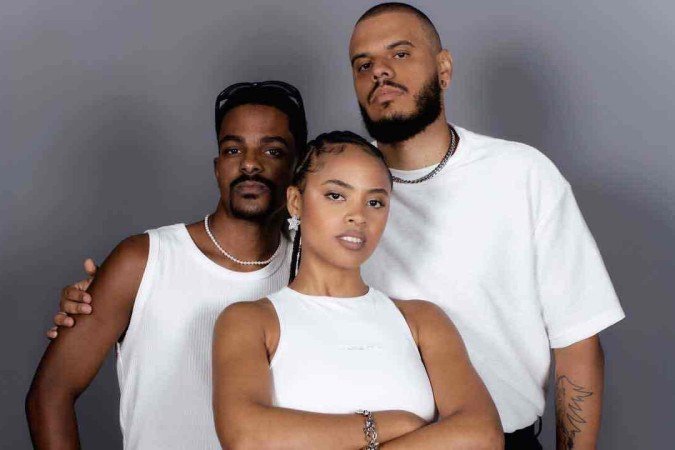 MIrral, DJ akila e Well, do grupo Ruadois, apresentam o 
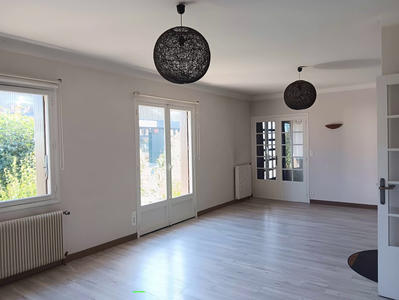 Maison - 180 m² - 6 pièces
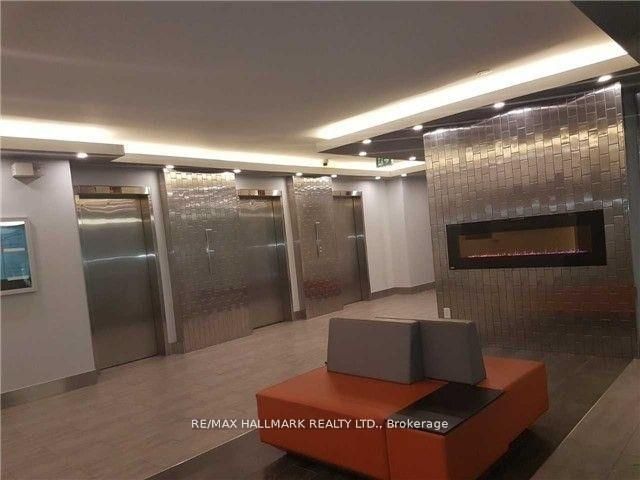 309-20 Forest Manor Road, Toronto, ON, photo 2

+++++

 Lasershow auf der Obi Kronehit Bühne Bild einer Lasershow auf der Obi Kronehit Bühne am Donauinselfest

+++++

* Task brief *
Pictures do not belong in the answer. Return the lines above starting at the one with "Maison - 180 m² - 6 pièces" and ending at the one with "309-20 Forest Manor", both kept, exactly.

* Answer to this problem *
 Maison - 180 m² - 6 pièces
 309-20 Forest Manor Road, Toronto, ON, photo 2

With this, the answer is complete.